He further denied he had anointed the rivals as his successors as it turns out he may not still be strong enough to see through what has turned an elusive dream to become the country’s president.
However, several theories have emerged around Tsvangirai’s move with some accusing the former prime minister of pulling a leaf from his nemesis President Robert Mugabe’s book.
By remaining party leader with apparent signs of fatigue and ailment, Tsvangirai sees it would be difficult to justify why he still remained party president, something which could cost the party yet another election.
The MDC-T leader still recalls how the party split in 2014 after his lieutenants accused him of clinging to power when he had shown barren leadership.
Likewise, appointing assistants was a way of hoodwinking his critics he was proactive in terms of ensuring leadership renewal in his party.
Another school of thought says by appointing two powerful politicians as he deputies, Tsvangirai could be playing the two party factions against each other as a self-preservation tactic.
By his own admission, Tsvangirai said Friday he decided to go against the MDC-T national council decision to appoint one VP as opposed to two.
He said this was an attempt to avoid “horse-trading” to the detriment of the party as it prepares for 2018.
“By putting them in those positions, Tsvangirai has set them up against each other,” said Harare-based political analyst, Kudzai Kwangwari.
“He will achieve the exact opposite of what he is aiming for. They are now smelling blood and will now go for broke. The stakes are now raised; these guys see they are now very close to power and will try by all means to get to the finishing line.”
The tactic of playing powerful party factions against each other has been perfected by President Mugabe over the years, observers say.
Similarly, Tsvangirai finds this a handy tool to redirect attention away from himself while he takes time to recover in time to catch up with the race for state house.
It is also thought elsewhere that none of the three deputies could take over party leadership after all, just like in Zanu PF where Mugabe has interchangeably elevated Vice Presidents Emmerson Mngangagwa and (former) Joice Mujuru who later discovered state house was very distant at the end.

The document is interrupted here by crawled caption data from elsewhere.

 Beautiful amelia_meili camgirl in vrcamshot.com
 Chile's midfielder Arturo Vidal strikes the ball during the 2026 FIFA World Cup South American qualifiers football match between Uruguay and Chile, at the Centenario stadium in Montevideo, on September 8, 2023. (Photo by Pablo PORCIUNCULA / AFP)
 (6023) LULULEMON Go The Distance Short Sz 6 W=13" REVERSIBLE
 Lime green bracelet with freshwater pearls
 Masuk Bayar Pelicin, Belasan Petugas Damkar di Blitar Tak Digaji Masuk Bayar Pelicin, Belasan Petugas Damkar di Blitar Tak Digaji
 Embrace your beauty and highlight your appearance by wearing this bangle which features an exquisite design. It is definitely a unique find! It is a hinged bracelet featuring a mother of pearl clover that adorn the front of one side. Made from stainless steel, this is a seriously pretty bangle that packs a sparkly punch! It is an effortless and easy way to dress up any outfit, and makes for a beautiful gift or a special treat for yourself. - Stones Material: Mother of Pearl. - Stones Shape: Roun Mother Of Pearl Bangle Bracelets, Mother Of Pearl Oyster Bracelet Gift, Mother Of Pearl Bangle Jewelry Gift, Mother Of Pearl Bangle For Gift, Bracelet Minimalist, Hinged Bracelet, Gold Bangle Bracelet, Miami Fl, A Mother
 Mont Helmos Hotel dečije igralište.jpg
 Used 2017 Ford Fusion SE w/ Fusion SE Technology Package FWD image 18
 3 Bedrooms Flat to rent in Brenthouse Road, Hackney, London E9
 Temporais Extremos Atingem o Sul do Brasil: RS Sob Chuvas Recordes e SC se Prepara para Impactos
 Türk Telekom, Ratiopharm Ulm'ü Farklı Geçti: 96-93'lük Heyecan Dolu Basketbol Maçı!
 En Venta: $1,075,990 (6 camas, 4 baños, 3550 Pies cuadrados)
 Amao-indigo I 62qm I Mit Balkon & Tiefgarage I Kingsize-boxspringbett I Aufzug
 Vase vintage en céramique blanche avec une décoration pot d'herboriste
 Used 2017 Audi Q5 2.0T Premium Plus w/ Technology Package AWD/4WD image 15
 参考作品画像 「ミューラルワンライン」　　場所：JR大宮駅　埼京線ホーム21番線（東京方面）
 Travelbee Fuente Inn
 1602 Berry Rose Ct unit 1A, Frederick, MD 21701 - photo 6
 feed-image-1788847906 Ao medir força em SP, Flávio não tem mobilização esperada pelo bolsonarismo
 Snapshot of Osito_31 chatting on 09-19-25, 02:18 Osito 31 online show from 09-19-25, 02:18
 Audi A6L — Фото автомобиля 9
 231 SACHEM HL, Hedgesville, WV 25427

By bloating his presidium to four, some say, Tsvangirai had turned another Robert Mugabe who has overloaded his inner circle to try to appease potential challengers to his job while putting them close enough to monitor their actions.
Media and development expert Tawanda Majoni sees double standards in Tsvangirai’s controversial decision.
“It’s confusing that Tsvangirai and his party have suddenly discovered the need for a bigger presidium,” he said.
“This contradicts the party position on bloated structures. It seems Tsvangirai wants to quash factional rebellion by appeasing the two who he has clashed with before. This would be critical to him given his health problems.
“The decision is also dangerous because he is not in good books with Khuphe. That means he is now surrounded by antagonistic vice presidency.”
Majoni says Tsvangirai has become a perfect Mugabe copycat after the 92 year old leader railroaded his party in 2014 to allow him to handpick his deputies while discarding the old system of elected VPs.
Masvingo based academic, Dr Takavafira Zhou feels the MDC-T leader could be right in trying to stabilise his party to avoid the often turbulent period preceding major polls.
“If the intention is to energise and unite the party and improve its efficiency and effectiveness, it is commendable but by no means should this imply a scenario applicable to MDC-T government as it is cumbersome and unnecessary liability,” he said.
“It is also our hope the appointments are a product of wide consultation so that they do not generate divisions they purportedly want to resolve along personality differences, gender and ethnicity.”
Others, however, feel that Tsvangirai, who has previously said Mugabe was once his hero and that he could have “killed” for him, resumed his admiration for the veteran ruler during the Government of National Unity. Mugabe has revealed that he, together with Tsvangirai, then Prime Minister and Arthur Mutambara, his deputy, used to drink tea at his offices during the GNU.